▶ Given data:
════════════════════

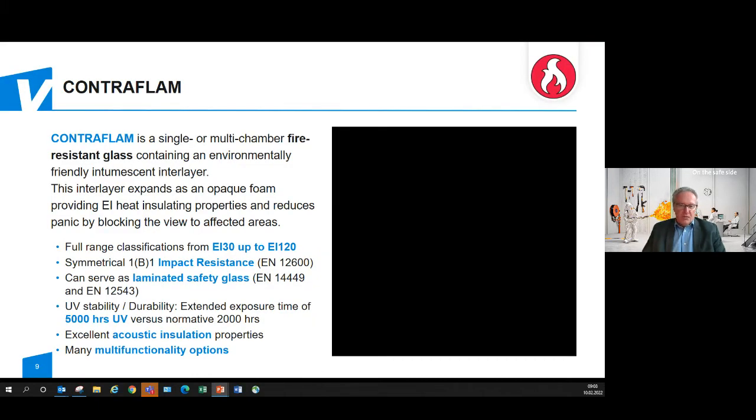The basis for Contraflam Structure is Contraflam — a fire resistant glass standard product which can be made as a single or multiple chamber product depending on the classification needed. It contains an environmentally friendly interlayer made from silicate, which in the case of fire turns opaque, providing full protection against heat radiation and also working against the panic of people due to its opaqueness.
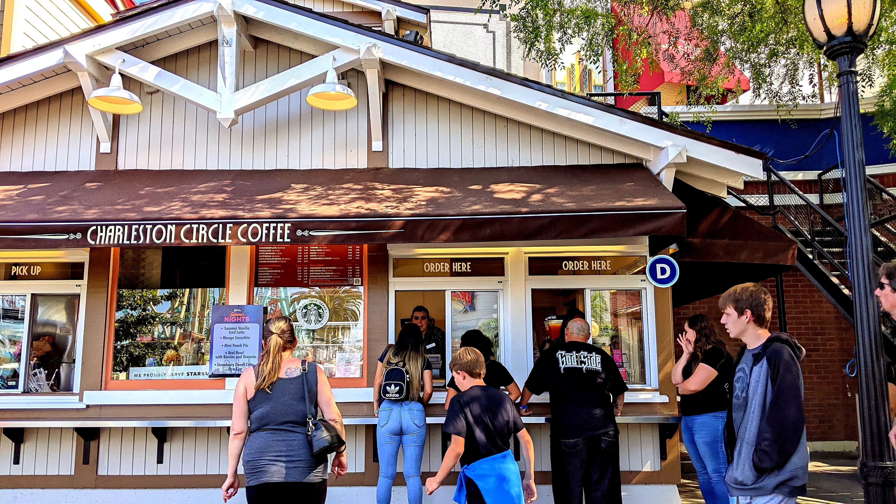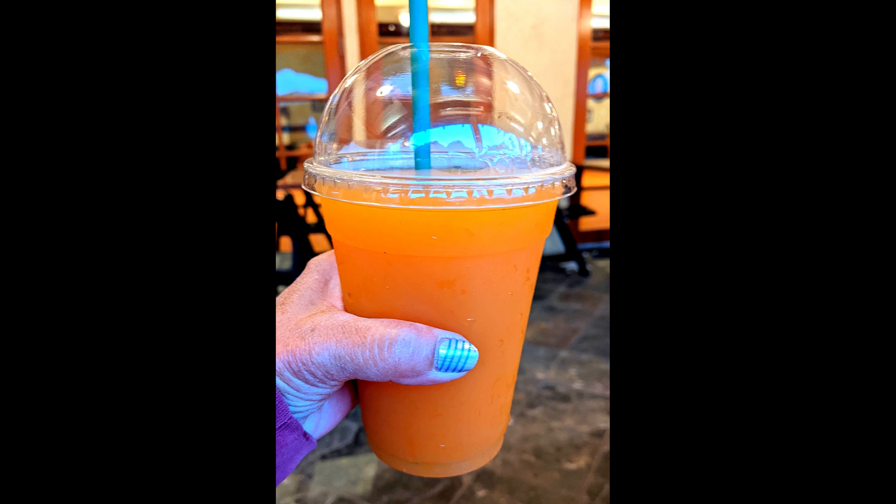Today we're here at Knott's Berry Farm for Summer Nights and I went to Booth CD, the Charleston Circle Coffee, and I got the Mango Smoothie, which they have in one of those machines that turns around and around.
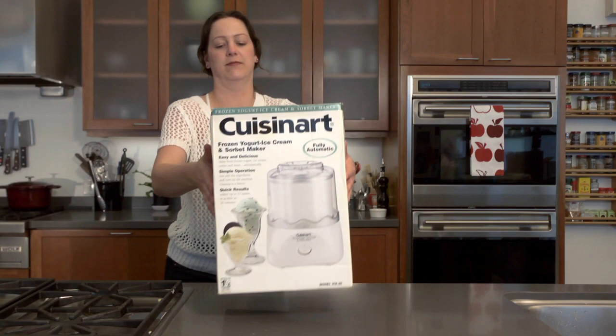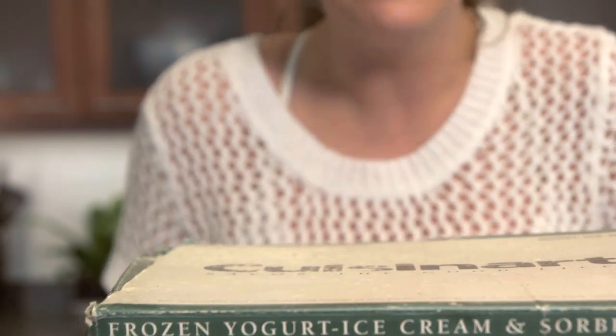Let's face it, most people buy ice cream makers because they really honestly think they're going to make ice cream all the time. But you know what? You can use them to make other things besides ice cream, like cold slushy summer cocktails.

════════════════════

Once the pictures are set aside, retype the rest of the listing exactly.

▶ Reply:
The basis for Contraflam Structure is Contraflam — a fire resistant glass standard product which can be made as a single or multiple chamber product depending on the classification needed. It contains an environmentally friendly interlayer made from silicate, which in the case of fire turns opaque, providing full protection against heat radiation and also working against the panic of people due to its opaqueness.
Today we're here at Knott's Berry Farm for Summer Nights and I went to Booth CD, the Charleston Circle Coffee, and I got the Mango Smoothie, which they have in one of those machines that turns around and around.
Let's face it, most people buy ice cream makers because they really honestly think they're going to make ice cream all the time. But you know what? You can use them to make other things besides ice cream, like cold slushy summer cocktails.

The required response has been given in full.